Your instructions
Write the entries out again exactly as they stand, but without the pictures.

··· Task input ···

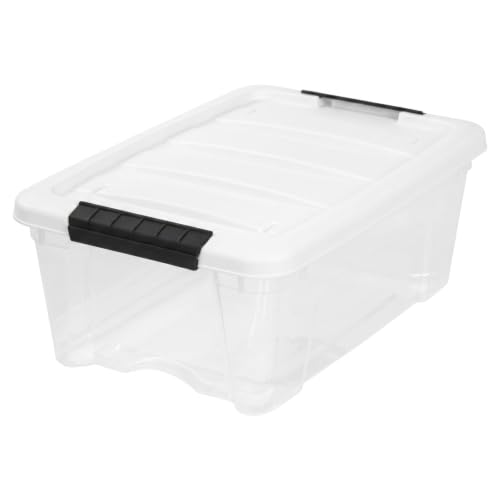 Image of IRIS USA 13 Qt Storage Bins with Lids, 6 Pack, Clear /White | Compact storage for shoes, crafts, office supplies, personal items, closet organization, and small-space storage.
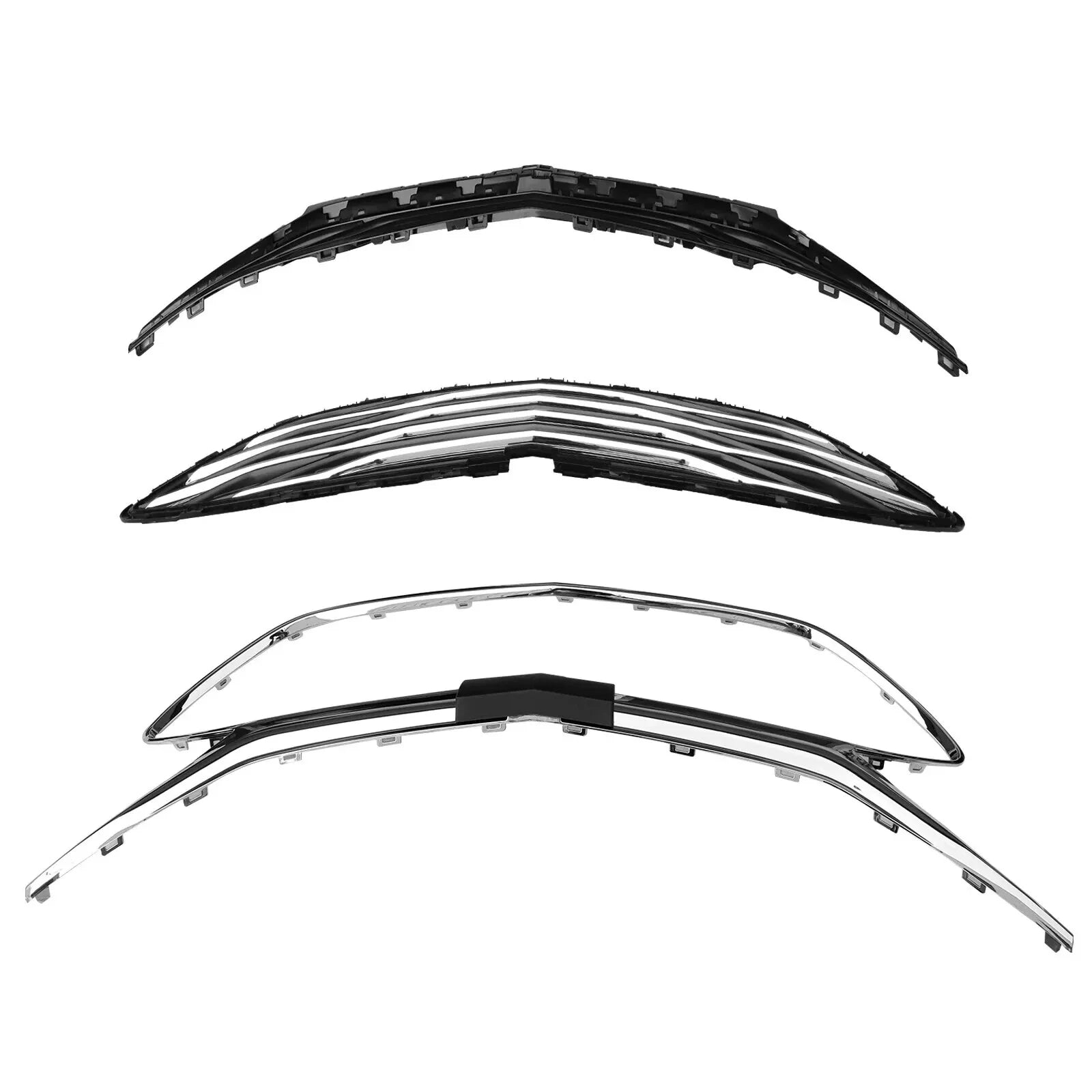Front Bumper Upper Lower Grille Black Chrome 3PCS for 2019-2023 Chevrolet Malibu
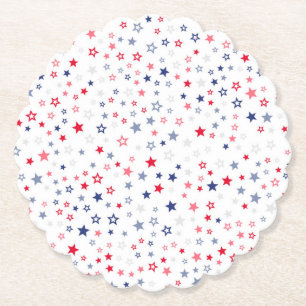 Red, White and Blue  Stars Paper Plates Coaster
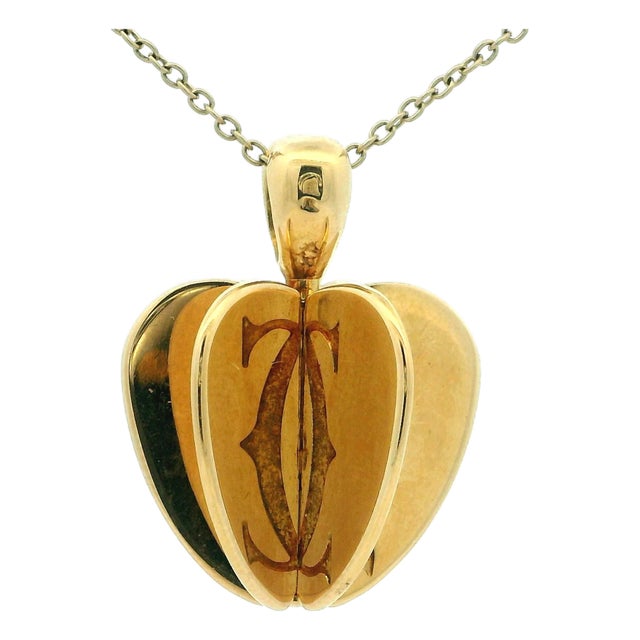 1990s Cartier 18k Double C 3d Apple Heart Pendant With Original Box For Sale
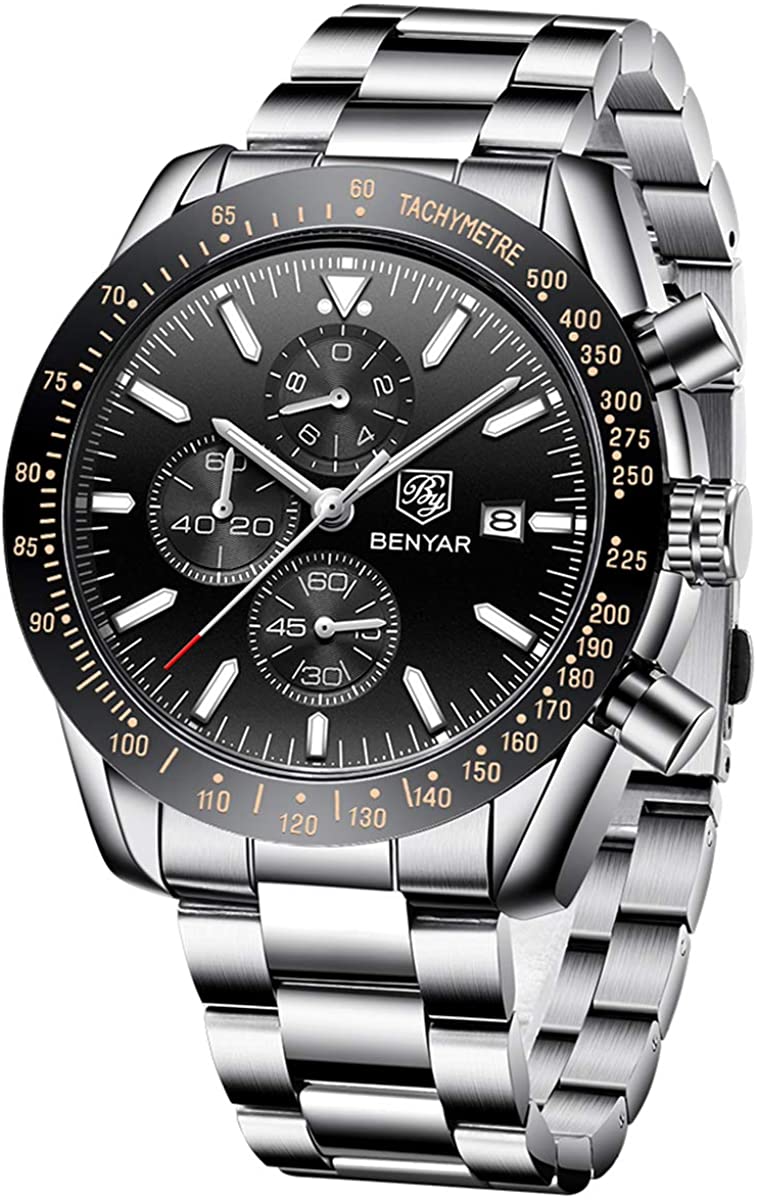 BENYAR Chronograph Mens Watch Quartz Movement 30M Waterproof | Leather Watch Strap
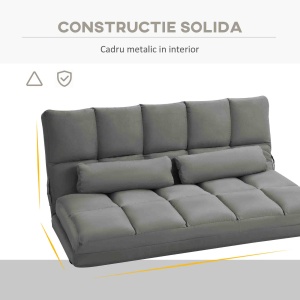 Divan de Podea 2 în 1 cu Spătar Reglabil în 7 Niveluri și Perne, 130x73x60 cm, Gri Carbonizat - Img 7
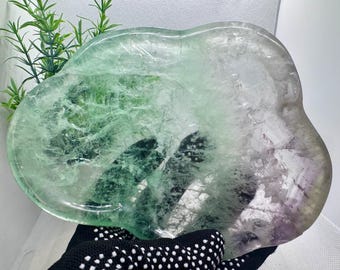 Natural Crystal Cloud Bowl, Green & Purple Fluorite. Amazing Clarity, 6.7” x 4.5” , 457.6grams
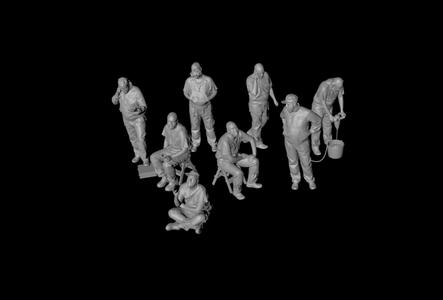 1/64 3D digital character models of various forms of home improvement workers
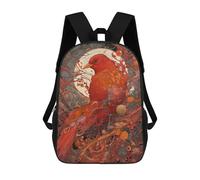 sinyumoney 3D Printed Phoenix Amidst The Flames School Backpack With Big Pockets for Kids Children's Backpacks Boy Girl Book Bags Kids School Bag 17inch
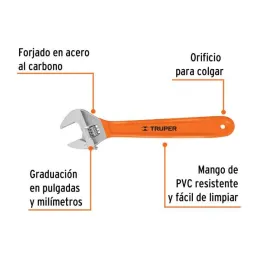 Llave Francesa 15" A1-3/4" ACromadas MangoPVC Truper 100048 Truper-Llave Francesa 15" A1-3/4" ACromadas MangoPVC Truper 100048 F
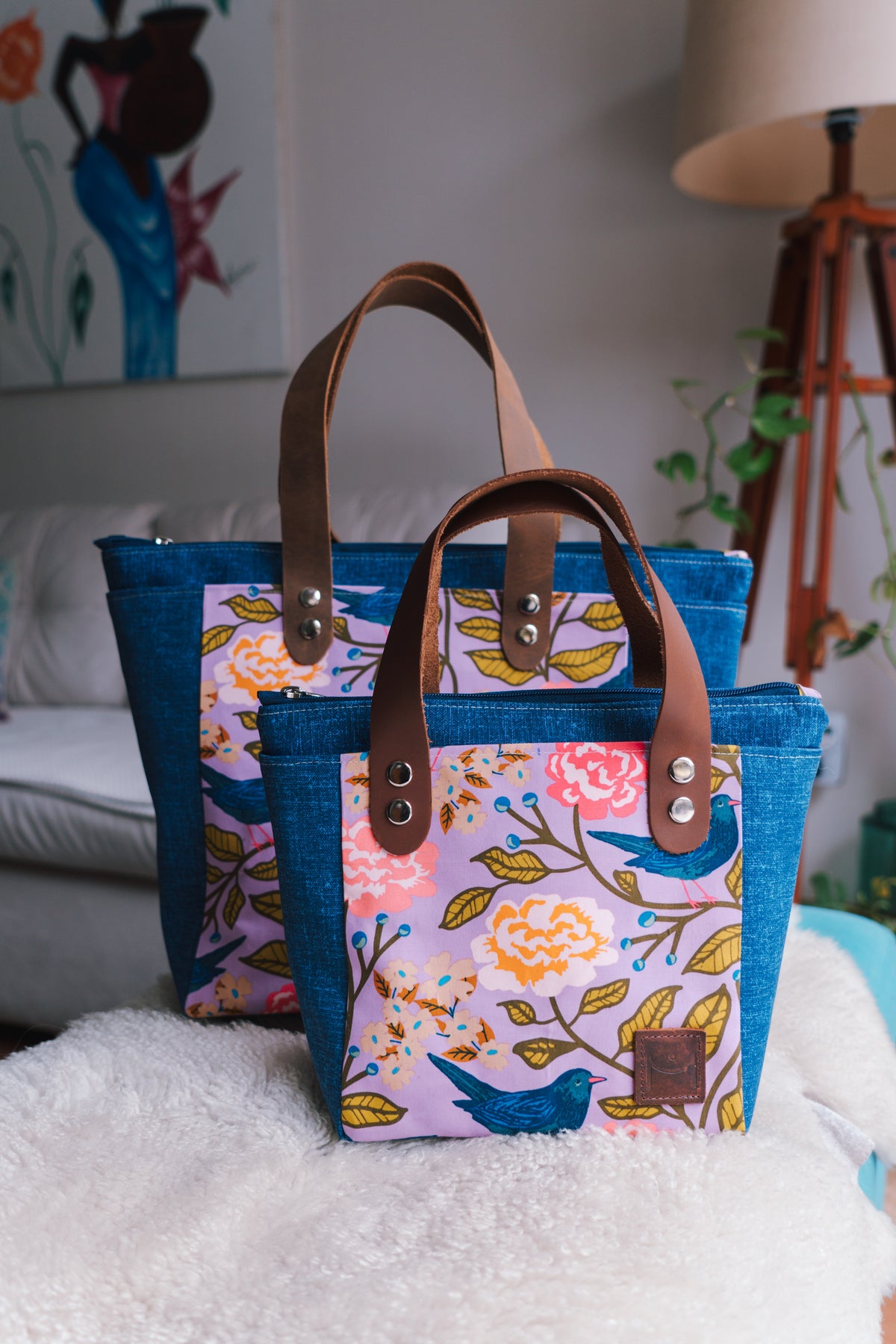 MysteryTote Mini - Azul Denim Jaspeado + Blackbird Canopy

···

Result of the task
 Image of IRIS USA 13 Qt Storage Bins with Lids, 6 Pack, Clear /White | Compact storage for shoes, crafts, office supplies, personal items, closet organization, and small-space storage.
Front Bumper Upper Lower Grille Black Chrome 3PCS for 2019-2023 Chevrolet Malibu
 Red, White and Blue  Stars Paper Plates Coaster
 1990s Cartier 18k Double C 3d Apple Heart Pendant With Original Box For Sale
 BENYAR Chronograph Mens Watch Quartz Movement 30M Waterproof | Leather Watch Strap
 Divan de Podea 2 în 1 cu Spătar Reglabil în 7 Niveluri și Perne, 130x73x60 cm, Gri Carbonizat - Img 7
 Natural Crystal Cloud Bowl, Green & Purple Fluorite. Amazing Clarity, 6.7” x 4.5” , 457.6grams
 1/64 3D digital character models of various forms of home improvement workers
 sinyumoney 3D Printed Phoenix Amidst The Flames School Backpack With Big Pockets for Kids Children's Backpacks Boy Girl Book Bags Kids School Bag 17inch
 Llave Francesa 15" A1-3/4" ACromadas MangoPVC Truper 100048 Truper-Llave Francesa 15" A1-3/4" ACromadas MangoPVC Truper 100048 F
 MysteryTote Mini - Azul Denim Jaspeado + Blackbird Canopy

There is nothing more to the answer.